Este artigo será mais bem apreciado por pessoas na faixa dos cinquenta anos de idade em diante, porque lida com memórias de longa data. Mas poderá ser uma boa provocação para os mais jovens. E para todos, jovens ou velhos, poderá igualmente servir de inspiração para realizar algumas experiências pessoais e coletivas. E certamente este artigo será mais bem apreciado se a pessoa tiver visitado a exposição “Caminhos de Proust”, da Biblioteca Pública do Estado do Rio Grande do Sul. Se não visitou, corra que ela foi prorrogada até 18 de março. Se não vai ter como visitar mesmo, recupere parte da oportunidade perdida lendo a matéria de Juremir Machado publicada no Matinal.

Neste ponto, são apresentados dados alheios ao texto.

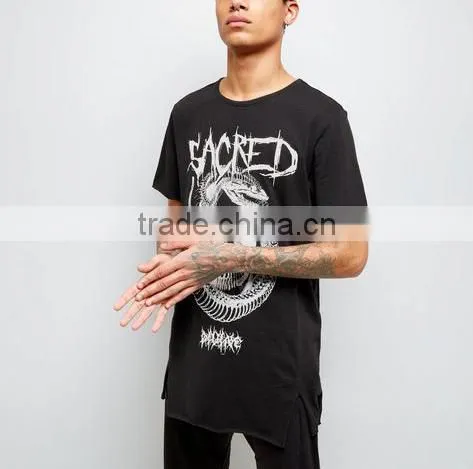 New Fashion Printed Tees Longline Short Sleeve t Shirt Men Summer Casual Black T-shirt photo-2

Ao percorrer as ruas coletando nomes de prédios, identifiquei por vezes certa sensação que se aproxima do que Proust descreveu em sua obra No caminho de Swann. Mais precisamente, uma sensação ligada à emergência de tempos perdidos, no sentido de tempos passados, perdidos porque não voltam mais de modo concreto. Proust narra lembranças infantis que subitamente lhe inundaram ao entrar em contato com o aroma de um chá e o gosto de um biscoito. Tais lembranças evocaram uma pessoa, um lugar, certo dia da semana, em período bem remoto de sua vida. 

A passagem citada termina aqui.